Liputan6.com, Yogyakarta - Peternak di Lereng Gunung Merapi, Kecamatan Cangkringan, Sleman, Daerah Istimewa Yogyakarta (DIY), diminta untuk menukarkan sapi perahnya dengan yang lebih produktif.
Hal ini terkait keterbatasan persediaan air. Sapi perah membutuhkan banyak sekali air untuk kebersihan ternak maupun kandangnya.
"Karena terkendala kebutuhan air, jumlah populasi ternak sapi perah Cangkringan lambat untuk bertambah. Kami mengimbau sapi perah ditukar dengan yang lebih produktif," kata Kepala Bidang Peternakan Dinas Pertanian, Perikanan, dan Kehutanan (DPPK) Kabupaten Sleman, Suwandi Azis, seperti dikutip dari Antara, Jumat (26/8/2016).
"Sapi perah harus mandi sehari sekali. Kebutuhan sapi perah lebih banyak dibanding manusia. Kalau manusia, sehari misal 40 hingga 50 liter.
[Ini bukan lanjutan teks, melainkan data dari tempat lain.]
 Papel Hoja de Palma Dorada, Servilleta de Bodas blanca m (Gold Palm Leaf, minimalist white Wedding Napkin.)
Sapi perah bisa sampai 200 liter," kata dia.
Menurut dia, sebelum erupsi Gunung Merapi pada 2010 lalu, air melimpah dari dua sumber, yaitu Umbul Lanang dan Umbul Wadon di hulu Sungai Kuning.
"Setelah erupsi kedua mata air tersebut memang sudah diperbaiki, namun hasilnya dirasa belum mencukupi lagi bagi kebutuhan ternak," tutur dia.
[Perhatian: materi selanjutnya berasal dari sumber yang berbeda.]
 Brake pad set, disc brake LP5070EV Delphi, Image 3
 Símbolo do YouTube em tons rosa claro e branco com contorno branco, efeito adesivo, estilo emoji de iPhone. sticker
Camat Cangkringan Edi Harmana mengatakan, saat ini di wilayahnya mulai kembali meningkat minat warga untuk beternak sapi. Terutama di Desa Glagaharjo, Dusun Kalitengah Lor, Kalitengah Kidul, dan Srunen.
"Jumlah sapi perah juga meningkat jika dibandingkan sebelum bencana. Banyak peternak, yang dulunya hanya punya kurang dari lima, sekarang lebih," tutur Edi.
Dia berharap, pemerintah bisa memfasilitasi agar wilayah Cangkringan menjadi daerah penghasil susu sapi. "Kami ingin Cangkringan menjadi 'kecamatan ternak'," ucap Edi.